[What is required]
Would you please transcribe, exactly as written, the lines of the entries below starting at the one that holds "Apartmani Miljak Omiš Værelse billede" and ending at the one that holds "cho công nhân", both included?
---------- Information shown
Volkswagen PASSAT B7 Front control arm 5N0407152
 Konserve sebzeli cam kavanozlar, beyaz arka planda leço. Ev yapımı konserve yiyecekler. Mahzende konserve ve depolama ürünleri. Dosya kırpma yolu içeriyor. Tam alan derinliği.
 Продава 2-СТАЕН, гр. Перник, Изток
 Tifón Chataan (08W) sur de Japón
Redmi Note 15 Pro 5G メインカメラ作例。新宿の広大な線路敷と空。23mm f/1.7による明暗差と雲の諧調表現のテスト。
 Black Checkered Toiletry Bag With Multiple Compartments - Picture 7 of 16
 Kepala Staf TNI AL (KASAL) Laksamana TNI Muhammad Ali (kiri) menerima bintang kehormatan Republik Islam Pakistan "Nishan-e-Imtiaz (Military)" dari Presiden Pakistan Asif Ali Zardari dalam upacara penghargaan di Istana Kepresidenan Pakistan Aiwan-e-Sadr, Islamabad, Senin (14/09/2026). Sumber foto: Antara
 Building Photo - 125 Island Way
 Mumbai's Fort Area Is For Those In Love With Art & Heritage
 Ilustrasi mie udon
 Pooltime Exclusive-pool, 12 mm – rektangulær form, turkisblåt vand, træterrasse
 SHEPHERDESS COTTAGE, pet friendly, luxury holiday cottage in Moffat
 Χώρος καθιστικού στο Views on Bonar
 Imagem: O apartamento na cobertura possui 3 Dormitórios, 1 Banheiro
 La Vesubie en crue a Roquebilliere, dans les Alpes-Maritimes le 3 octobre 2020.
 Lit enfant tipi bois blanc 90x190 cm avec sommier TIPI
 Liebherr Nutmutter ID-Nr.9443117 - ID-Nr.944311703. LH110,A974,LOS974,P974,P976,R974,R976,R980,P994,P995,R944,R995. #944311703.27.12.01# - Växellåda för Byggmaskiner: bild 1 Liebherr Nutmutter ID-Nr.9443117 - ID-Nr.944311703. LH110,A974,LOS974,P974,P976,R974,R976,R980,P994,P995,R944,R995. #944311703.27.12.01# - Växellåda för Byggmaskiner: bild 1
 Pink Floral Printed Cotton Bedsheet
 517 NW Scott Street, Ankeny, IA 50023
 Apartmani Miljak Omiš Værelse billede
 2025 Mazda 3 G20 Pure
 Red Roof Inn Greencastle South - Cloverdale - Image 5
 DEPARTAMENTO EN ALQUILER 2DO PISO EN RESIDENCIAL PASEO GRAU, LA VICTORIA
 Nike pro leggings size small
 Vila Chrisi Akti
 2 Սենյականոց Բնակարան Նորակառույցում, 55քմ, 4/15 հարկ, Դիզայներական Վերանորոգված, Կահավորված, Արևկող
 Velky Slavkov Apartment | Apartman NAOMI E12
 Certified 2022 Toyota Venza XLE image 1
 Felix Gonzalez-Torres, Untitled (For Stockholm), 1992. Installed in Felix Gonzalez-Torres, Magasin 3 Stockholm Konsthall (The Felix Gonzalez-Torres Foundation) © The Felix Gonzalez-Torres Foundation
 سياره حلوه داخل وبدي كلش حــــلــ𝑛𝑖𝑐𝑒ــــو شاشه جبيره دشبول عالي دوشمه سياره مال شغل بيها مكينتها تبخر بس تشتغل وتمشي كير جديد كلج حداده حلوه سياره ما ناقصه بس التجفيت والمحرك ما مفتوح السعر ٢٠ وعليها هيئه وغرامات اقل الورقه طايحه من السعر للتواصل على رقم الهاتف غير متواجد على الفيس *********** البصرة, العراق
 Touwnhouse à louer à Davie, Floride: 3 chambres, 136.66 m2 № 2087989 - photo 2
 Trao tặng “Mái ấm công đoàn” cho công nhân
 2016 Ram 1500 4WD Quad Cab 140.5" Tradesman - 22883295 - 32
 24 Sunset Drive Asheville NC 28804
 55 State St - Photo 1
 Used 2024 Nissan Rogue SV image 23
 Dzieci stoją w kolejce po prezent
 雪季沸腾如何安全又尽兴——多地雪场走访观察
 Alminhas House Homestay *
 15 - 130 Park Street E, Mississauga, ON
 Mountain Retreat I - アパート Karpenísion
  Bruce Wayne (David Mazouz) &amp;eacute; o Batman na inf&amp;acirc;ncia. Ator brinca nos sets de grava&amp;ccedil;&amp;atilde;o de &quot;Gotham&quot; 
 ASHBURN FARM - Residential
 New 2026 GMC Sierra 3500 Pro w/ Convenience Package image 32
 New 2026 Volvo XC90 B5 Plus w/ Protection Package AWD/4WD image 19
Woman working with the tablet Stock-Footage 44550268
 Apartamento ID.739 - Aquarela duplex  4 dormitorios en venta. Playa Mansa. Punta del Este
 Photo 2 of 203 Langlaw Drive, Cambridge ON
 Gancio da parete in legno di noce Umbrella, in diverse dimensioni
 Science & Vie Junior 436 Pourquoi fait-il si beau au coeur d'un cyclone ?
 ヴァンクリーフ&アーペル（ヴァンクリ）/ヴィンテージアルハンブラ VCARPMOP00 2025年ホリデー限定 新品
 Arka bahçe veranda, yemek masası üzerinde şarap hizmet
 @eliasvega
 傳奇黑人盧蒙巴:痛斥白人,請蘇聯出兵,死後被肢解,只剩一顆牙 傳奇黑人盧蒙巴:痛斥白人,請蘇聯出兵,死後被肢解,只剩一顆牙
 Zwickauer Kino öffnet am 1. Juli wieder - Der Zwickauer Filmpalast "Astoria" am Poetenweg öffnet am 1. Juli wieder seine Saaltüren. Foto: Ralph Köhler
--------------------
[Exercise result]
 Apartmani Miljak Omiš Værelse billede
 2025 Mazda 3 G20 Pure
 Red Roof Inn Greencastle South - Cloverdale - Image 5
 DEPARTAMENTO EN ALQUILER 2DO PISO EN RESIDENCIAL PASEO GRAU, LA VICTORIA
 Nike pro leggings size small
 Vila Chrisi Akti
 2 Սենյականոց Բնակարան Նորակառույցում, 55քմ, 4/15 հարկ, Դիզայներական Վերանորոգված, Կահավորված, Արևկող
 Velky Slavkov Apartment | Apartman NAOMI E12
 Certified 2022 Toyota Venza XLE image 1
 Felix Gonzalez-Torres, Untitled (For Stockholm), 1992. Installed in Felix Gonzalez-Torres, Magasin 3 Stockholm Konsthall (The Felix Gonzalez-Torres Foundation) © The Felix Gonzalez-Torres Foundation
 سياره حلوه داخل وبدي كلش حــــلــ𝑛𝑖𝑐𝑒ــــو شاشه جبيره دشبول عالي دوشمه سياره مال شغل بيها مكينتها تبخر بس تشتغل وتمشي كير جديد كلج حداده حلوه سياره ما ناقصه بس التجفيت والمحرك ما مفتوح السعر ٢٠ وعليها هيئه وغرامات اقل الورقه طايحه من السعر للتواصل على رقم الهاتف غير متواجد على الفيس *********** البصرة, العراق
 Touwnhouse à louer à Davie, Floride: 3 chambres, 136.66 m2 № 2087989 - photo 2
 Trao tặng “Mái ấm công đoàn” cho công nhân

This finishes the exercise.